Exercise brief:
Go through the records line by line from the top and repeat each one exactly, ending with the line that contains "Colorful Rhyolit rainbow".

Raw data:
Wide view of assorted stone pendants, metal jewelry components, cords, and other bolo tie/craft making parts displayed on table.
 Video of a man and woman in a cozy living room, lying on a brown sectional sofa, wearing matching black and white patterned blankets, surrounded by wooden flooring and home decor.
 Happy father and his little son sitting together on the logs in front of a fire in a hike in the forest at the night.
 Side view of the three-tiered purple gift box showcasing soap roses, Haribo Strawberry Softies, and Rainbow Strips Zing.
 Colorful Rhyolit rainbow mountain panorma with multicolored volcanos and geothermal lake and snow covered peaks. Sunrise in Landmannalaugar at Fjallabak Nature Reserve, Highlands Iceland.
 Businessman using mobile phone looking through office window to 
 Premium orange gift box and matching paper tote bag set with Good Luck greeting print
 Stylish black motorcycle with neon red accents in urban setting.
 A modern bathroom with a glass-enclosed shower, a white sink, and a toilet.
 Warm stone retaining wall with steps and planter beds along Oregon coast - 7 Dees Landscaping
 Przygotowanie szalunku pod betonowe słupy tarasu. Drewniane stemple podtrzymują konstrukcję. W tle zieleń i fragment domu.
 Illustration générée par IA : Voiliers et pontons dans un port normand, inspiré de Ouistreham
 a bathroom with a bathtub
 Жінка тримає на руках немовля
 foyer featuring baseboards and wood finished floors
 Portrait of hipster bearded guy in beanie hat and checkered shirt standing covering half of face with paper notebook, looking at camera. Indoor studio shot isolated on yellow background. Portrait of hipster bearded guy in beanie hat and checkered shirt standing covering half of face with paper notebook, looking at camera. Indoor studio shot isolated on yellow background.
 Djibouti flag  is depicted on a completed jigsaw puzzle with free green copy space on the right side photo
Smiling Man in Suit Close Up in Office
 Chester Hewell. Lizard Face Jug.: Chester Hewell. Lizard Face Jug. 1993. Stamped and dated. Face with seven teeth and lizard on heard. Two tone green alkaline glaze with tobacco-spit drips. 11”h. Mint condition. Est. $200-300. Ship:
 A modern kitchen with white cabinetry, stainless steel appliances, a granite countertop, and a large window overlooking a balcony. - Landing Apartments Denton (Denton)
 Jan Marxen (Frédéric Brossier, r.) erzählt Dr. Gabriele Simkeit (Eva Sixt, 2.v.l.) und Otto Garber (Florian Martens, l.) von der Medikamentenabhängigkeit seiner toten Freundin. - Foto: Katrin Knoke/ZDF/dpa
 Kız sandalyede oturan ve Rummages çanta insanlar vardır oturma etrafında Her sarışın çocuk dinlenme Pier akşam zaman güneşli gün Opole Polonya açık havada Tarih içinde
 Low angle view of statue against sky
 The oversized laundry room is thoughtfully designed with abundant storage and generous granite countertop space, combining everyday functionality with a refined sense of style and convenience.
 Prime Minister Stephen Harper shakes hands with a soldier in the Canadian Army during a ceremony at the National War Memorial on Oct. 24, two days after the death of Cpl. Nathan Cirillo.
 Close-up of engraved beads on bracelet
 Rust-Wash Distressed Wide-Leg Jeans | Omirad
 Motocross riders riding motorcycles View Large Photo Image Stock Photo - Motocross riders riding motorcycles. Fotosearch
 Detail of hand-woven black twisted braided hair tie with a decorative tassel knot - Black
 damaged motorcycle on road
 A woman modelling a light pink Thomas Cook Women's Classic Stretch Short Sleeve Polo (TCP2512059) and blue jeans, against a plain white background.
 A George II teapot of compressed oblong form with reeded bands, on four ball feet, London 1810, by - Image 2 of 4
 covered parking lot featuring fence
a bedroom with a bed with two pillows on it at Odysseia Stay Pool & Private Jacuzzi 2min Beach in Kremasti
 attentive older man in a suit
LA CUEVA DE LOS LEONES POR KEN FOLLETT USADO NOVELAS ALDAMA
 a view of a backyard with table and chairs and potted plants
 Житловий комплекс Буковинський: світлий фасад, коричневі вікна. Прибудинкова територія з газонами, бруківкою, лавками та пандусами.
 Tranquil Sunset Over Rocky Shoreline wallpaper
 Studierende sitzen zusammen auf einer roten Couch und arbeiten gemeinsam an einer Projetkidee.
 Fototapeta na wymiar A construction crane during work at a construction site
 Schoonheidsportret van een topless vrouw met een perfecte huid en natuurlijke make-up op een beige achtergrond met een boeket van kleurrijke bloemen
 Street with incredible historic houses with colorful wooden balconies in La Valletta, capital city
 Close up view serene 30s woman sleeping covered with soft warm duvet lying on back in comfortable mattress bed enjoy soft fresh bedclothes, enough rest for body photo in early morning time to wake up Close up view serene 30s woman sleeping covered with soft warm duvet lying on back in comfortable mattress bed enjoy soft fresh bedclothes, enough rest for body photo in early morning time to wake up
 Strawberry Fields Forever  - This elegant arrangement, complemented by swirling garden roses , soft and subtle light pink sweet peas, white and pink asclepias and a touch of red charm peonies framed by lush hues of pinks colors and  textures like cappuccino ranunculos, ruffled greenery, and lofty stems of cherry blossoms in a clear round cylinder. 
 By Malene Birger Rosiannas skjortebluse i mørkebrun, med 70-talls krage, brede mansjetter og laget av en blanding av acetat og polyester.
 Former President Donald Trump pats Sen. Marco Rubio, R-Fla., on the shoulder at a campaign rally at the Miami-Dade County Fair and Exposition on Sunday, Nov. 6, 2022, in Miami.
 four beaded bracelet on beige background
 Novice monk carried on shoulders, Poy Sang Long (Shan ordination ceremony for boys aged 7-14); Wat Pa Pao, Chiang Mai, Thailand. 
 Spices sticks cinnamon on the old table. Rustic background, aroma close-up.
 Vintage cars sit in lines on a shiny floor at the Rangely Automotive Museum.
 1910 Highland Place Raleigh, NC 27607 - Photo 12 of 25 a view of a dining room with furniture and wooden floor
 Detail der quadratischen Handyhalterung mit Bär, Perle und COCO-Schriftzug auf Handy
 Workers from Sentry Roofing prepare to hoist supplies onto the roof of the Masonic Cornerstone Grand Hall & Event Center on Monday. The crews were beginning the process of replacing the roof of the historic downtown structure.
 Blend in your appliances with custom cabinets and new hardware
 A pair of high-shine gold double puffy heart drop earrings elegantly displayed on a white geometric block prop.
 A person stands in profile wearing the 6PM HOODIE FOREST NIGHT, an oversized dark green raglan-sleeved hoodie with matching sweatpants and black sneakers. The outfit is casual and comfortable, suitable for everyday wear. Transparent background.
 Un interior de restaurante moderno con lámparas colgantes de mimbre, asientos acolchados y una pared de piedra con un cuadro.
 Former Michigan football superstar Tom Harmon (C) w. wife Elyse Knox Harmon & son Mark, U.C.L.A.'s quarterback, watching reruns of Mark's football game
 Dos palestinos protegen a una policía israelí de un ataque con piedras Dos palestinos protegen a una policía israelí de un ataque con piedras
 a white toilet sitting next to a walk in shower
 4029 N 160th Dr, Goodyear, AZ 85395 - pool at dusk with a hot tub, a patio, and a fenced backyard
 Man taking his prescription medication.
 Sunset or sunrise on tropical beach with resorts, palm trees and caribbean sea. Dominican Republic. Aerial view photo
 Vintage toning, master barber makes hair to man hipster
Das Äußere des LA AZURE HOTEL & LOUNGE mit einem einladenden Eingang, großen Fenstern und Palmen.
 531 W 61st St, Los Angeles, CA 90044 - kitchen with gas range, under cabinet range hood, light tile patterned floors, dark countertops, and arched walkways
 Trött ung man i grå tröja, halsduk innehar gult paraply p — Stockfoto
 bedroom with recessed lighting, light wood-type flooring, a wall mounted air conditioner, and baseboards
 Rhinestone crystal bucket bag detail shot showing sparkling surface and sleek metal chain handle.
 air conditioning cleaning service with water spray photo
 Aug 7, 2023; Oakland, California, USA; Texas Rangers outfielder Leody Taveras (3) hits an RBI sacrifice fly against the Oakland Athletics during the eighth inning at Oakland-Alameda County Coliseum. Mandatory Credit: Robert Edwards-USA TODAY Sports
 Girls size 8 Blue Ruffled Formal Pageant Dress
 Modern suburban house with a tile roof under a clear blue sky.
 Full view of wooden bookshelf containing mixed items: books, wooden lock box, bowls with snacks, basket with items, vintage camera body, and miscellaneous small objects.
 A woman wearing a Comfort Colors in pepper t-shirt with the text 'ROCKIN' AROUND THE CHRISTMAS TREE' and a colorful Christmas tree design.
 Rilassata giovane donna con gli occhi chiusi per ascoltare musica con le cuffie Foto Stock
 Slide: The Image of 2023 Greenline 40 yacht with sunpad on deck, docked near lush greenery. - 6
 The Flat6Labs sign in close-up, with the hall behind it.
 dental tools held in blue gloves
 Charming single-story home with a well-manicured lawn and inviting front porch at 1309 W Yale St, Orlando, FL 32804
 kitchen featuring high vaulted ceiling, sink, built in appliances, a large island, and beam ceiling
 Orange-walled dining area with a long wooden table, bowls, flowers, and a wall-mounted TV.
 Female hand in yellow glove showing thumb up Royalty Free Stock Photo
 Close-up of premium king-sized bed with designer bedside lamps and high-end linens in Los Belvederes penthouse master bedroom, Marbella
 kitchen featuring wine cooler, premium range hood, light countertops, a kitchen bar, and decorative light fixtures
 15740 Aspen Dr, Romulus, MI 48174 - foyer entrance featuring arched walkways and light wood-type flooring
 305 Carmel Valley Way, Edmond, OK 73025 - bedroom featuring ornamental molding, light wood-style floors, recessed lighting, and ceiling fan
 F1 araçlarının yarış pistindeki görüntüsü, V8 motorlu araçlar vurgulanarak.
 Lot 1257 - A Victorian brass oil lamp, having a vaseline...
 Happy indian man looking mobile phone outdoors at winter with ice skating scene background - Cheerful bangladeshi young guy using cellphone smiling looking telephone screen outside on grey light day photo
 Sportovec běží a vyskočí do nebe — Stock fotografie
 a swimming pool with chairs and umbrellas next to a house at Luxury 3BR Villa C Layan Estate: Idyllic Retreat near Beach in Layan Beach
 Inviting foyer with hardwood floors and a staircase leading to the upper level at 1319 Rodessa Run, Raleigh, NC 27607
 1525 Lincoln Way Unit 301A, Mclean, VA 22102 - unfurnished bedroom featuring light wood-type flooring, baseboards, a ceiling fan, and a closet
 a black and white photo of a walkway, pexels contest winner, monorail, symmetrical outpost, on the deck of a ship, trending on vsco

Answer below:
Wide view of assorted stone pendants, metal jewelry components, cords, and other bolo tie/craft making parts displayed on table.
 Video of a man and woman in a cozy living room, lying on a brown sectional sofa, wearing matching black and white patterned blankets, surrounded by wooden flooring and home decor.
 Happy father and his little son sitting together on the logs in front of a fire in a hike in the forest at the night.
 Side view of the three-tiered purple gift box showcasing soap roses, Haribo Strawberry Softies, and Rainbow Strips Zing.
 Colorful Rhyolit rainbow mountain panorma with multicolored volcanos and geothermal lake and snow covered peaks. Sunrise in Landmannalaugar at Fjallabak Nature Reserve, Highlands Iceland.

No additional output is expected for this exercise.